▶ **The input**
━━━━

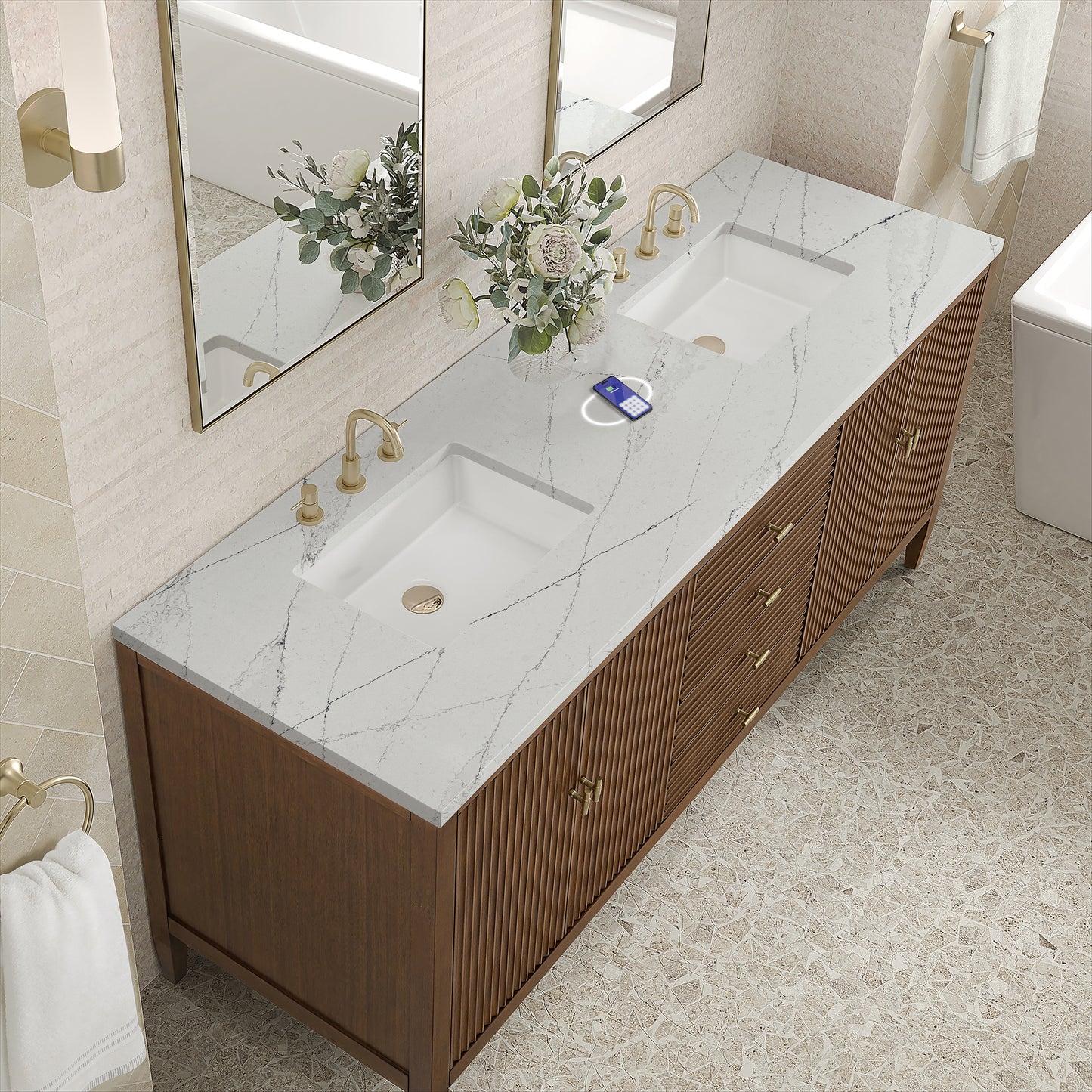 James Martin Vanities Myrrin 72" Mid-Century Walnut Double Vanity With 3 cm Ethereal Noctis Silestone Top and FreePower Wireless Charger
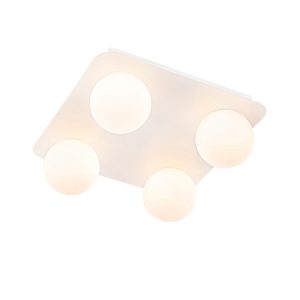 Modern Bathroom Ceiling Light White Square 4-Light - Cederic
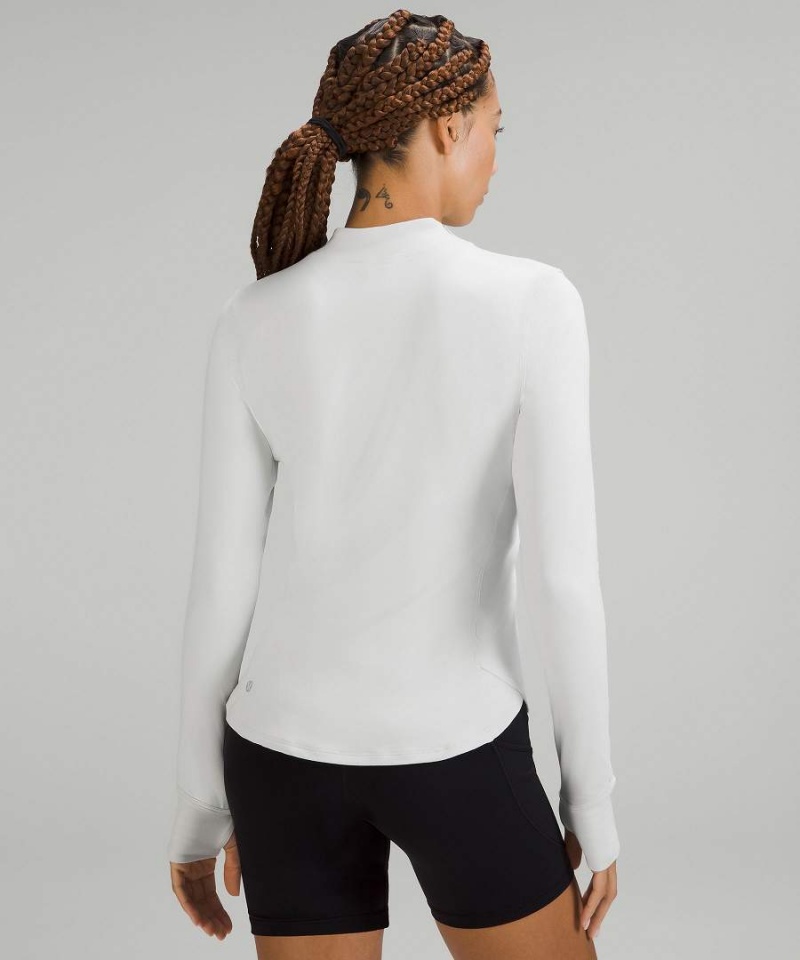 Lululemon Rulu Lauf Mock-Neck Langarmhemd Damen Weiß | 8390XBJRV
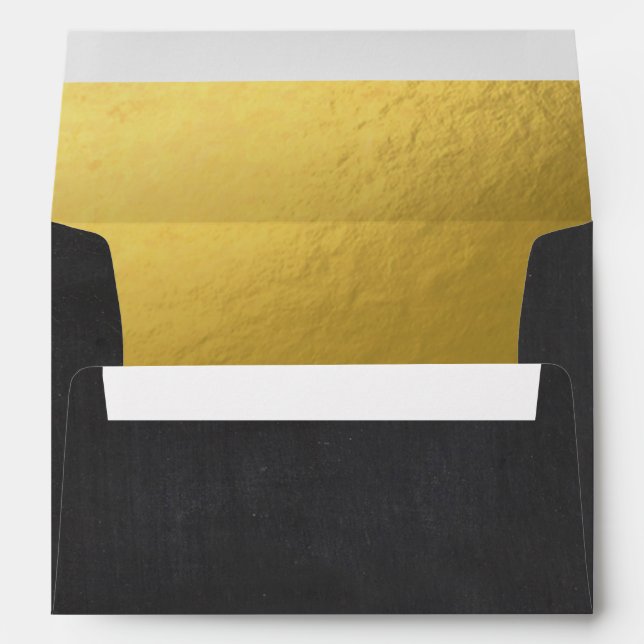 Black Gold Envelope Elegant Modern Birthday (Back (Bottom))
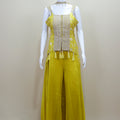 Designer Yellow Crop Top with Palazzo Pants Tassel Detailing
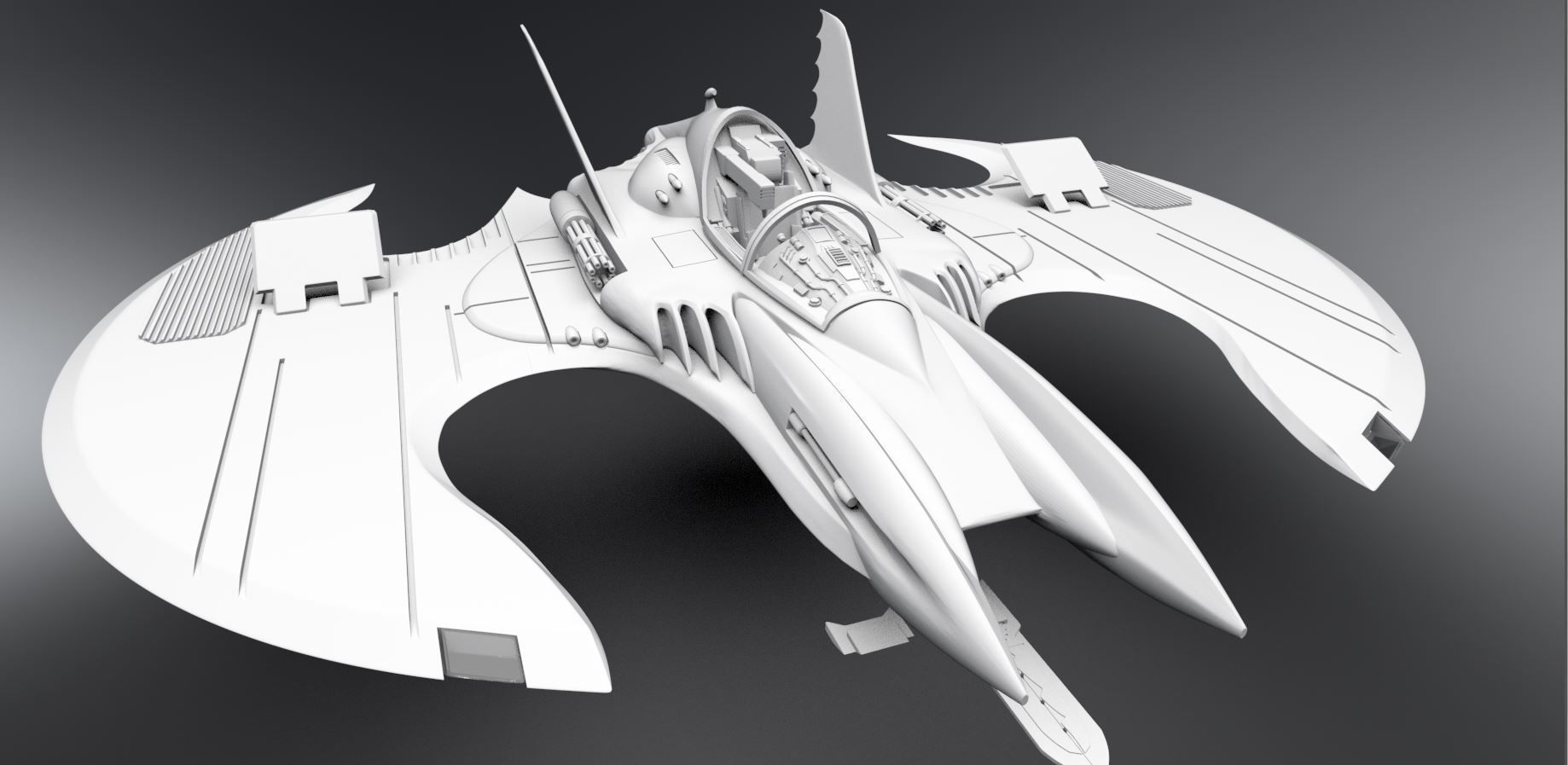 Batwing Scale model 3D print model_5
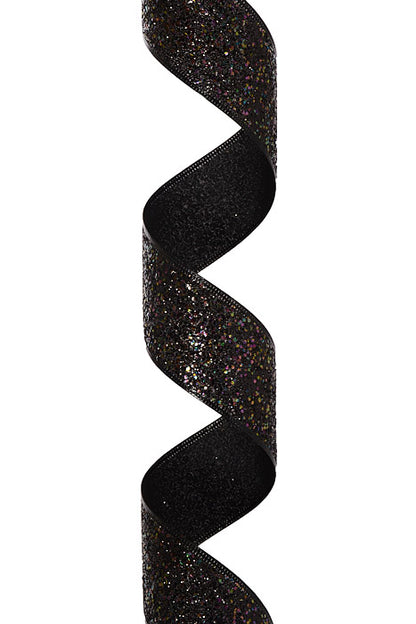 2.5" X 10Yds Wired Super Glitter Ribbon Black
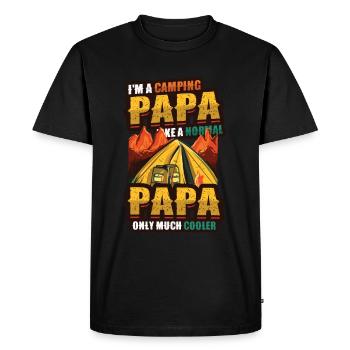 Camping Papa, feu de camp - T-shirt Premium bio Homme - noir - Devant - Nico (187cm)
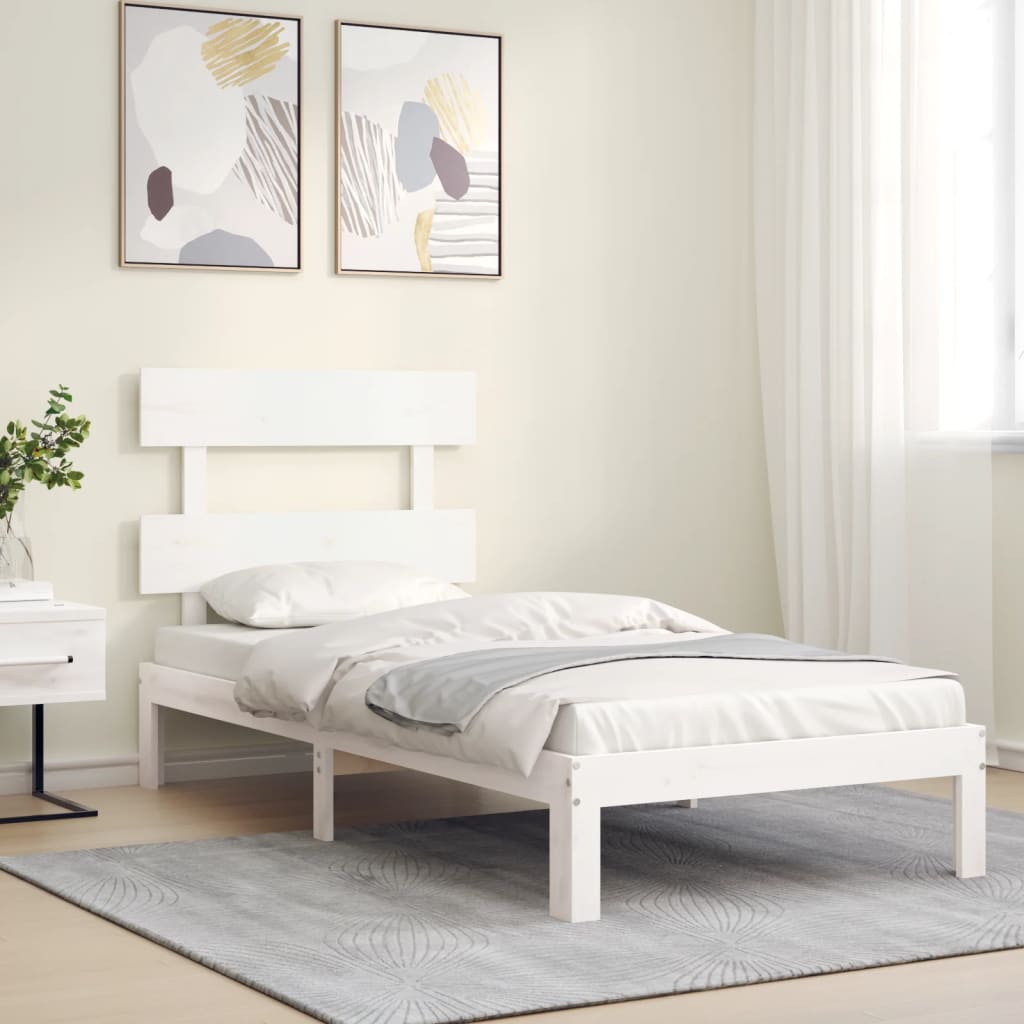 Cadre de lit sans matelas blanc 100x200 cm bois de pin massif - XIOS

━━━━

▶ **Your instructions**
Only the lines from the one holding "Black Gold Envelope" to the last line of the entries above should be printed, exactly as they appear and with no pictures.

▶ **Result for this exercise**
 Black Gold Envelope Elegant Modern Birthday (Back (Bottom))
 Designer Yellow Crop Top with Palazzo Pants Tassel Detailing
 Batwing Scale model 3D print model_5
 2.5" X 10Yds Wired Super Glitter Ribbon Black
 Camping Papa, feu de camp - T-shirt Premium bio Homme - noir - Devant - Nico (187cm)
 Cadre de lit sans matelas blanc 100x200 cm bois de pin massif - XIOS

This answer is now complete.